If it seems like Occupy Gardens Toronto has its fingers in a lot of different pies, it’s a reflection of the multitude of issues that revolve around food and agriculture. Since 2008, food bank usage in Canada has increased by 31 per cent, with four out of 10 users classified as children or minors. 2.7 million Canadians are currently deemed “food insecure,” which means they aren’t certain of where or how they will obtain their next meal. In 2012, Statistics Canada reported that 31.5 per cent of Canadian children were overweight or obese. And, as farms become increasingly more corporate, farming is losing its appeal for young Canadians. Over two decades, the population of farmers under 35 has fallen by two thirds.
As a response to food issues both global and local, Occupy Gardens groups have cropped up across North America, in locations like Montreal and Philadelphia. “Not everyone has access to land to grow a garden, and the City has made cuts to the Live Green grant program.
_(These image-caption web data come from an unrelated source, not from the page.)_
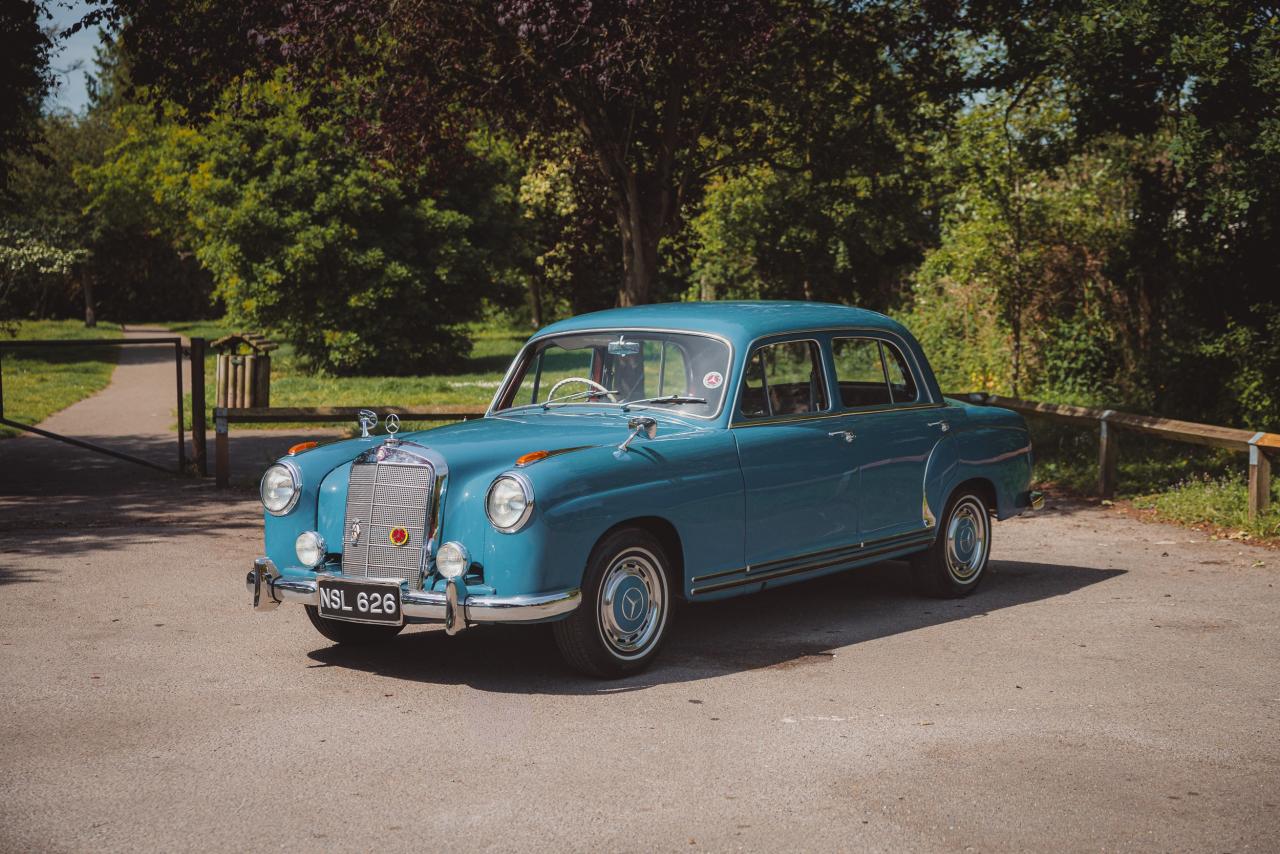 1956 Mercedes - Benz 220a Ponton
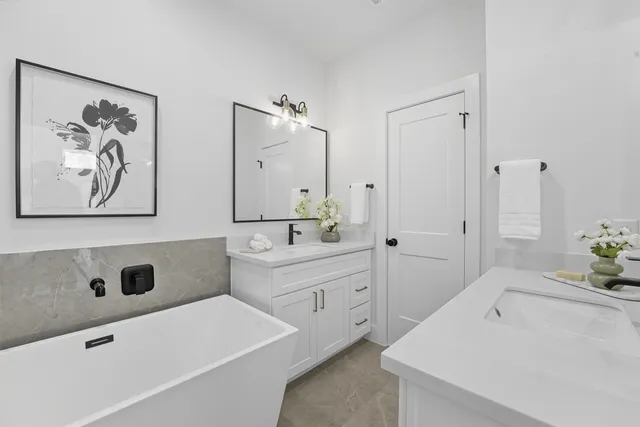 $2,350 | 3903 Pinemont Drive, Unit A, Houston, TX 77018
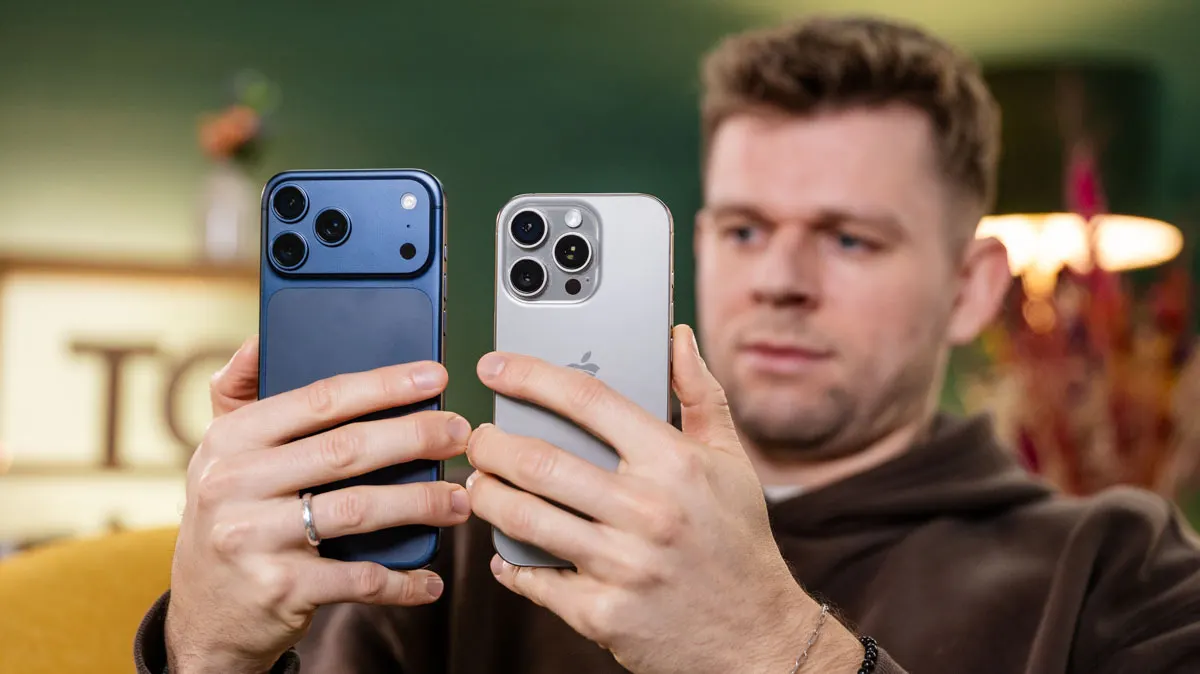 Niklas hält das iPhone 17 Pro Max und das iPhone 16 Pro in beiden Händen.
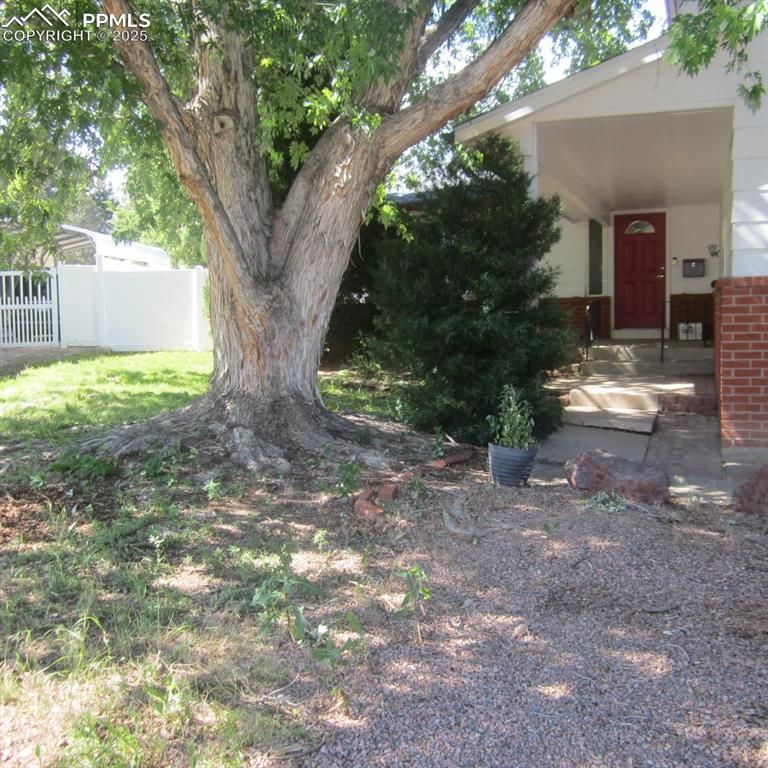 9 Briargate Pl, Pueblo, CO 81001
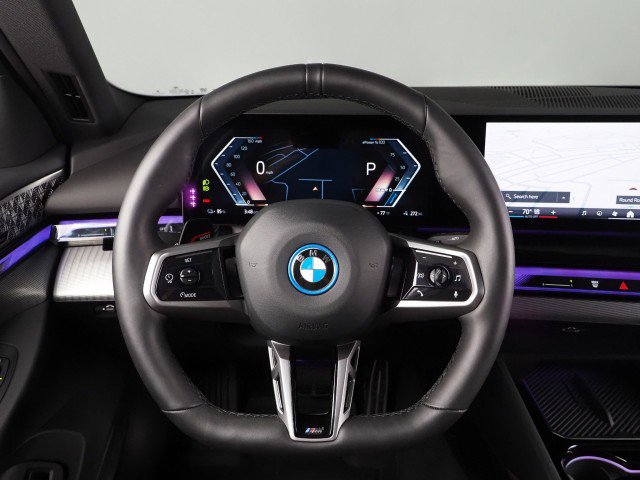 Used 2025 BMW i5 eDrive40i w/ M Sport Package image 18
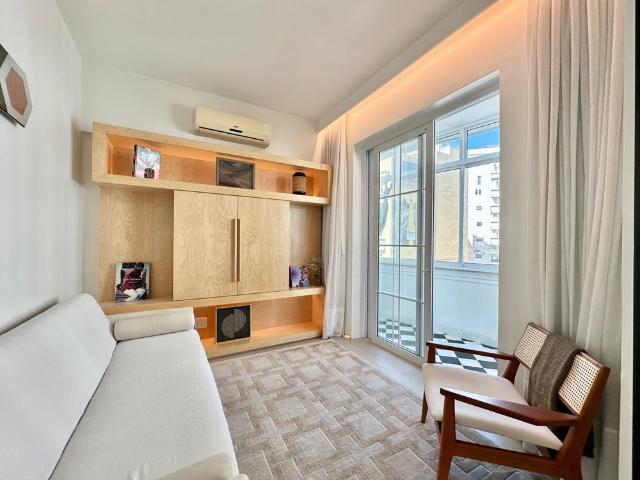 Apartamento reformado e mobiliado para alugar em Ipanema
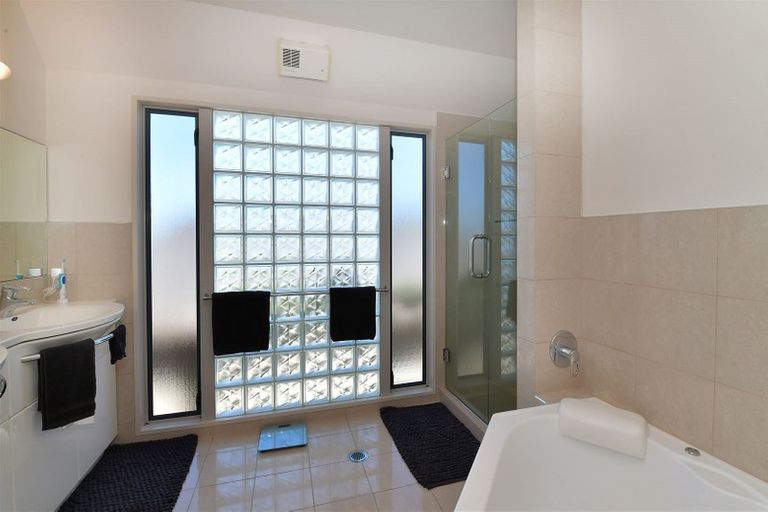 Photo of property in 44 Marellen Drive, Red Beach, 0932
The number of people on the waitlist to get into community gardens or start new ones is getting longer and longer,” said Kearey-Moreland. In addition to providing free food for the hungry, an Occupy Gardens community garden at Scadding Court at Bathurst and Dundas streets offers people the opportunity to grow their own produce.
On Wednesday the mood was celebratory, even if the new incarnation of the community garden at Queen’s Park would likely be destroyed again. (Queen’s Park confirmed that while the event would be tolerated, the garden would be removed once planted.) In the meantime, though, participants lounged in the sun, listening to music and enjoying the complimentary meal. Adam Heller, a volunteer who showed up to help ladle out chili, was happy to be participating. He has his own concerns about food security. “I’ve gotten a lot better at scavenging lately,” he said. “I think food should be free, if you don’t care what you’re eating. I mean if you really don’t care what it is, you should be able to survive.”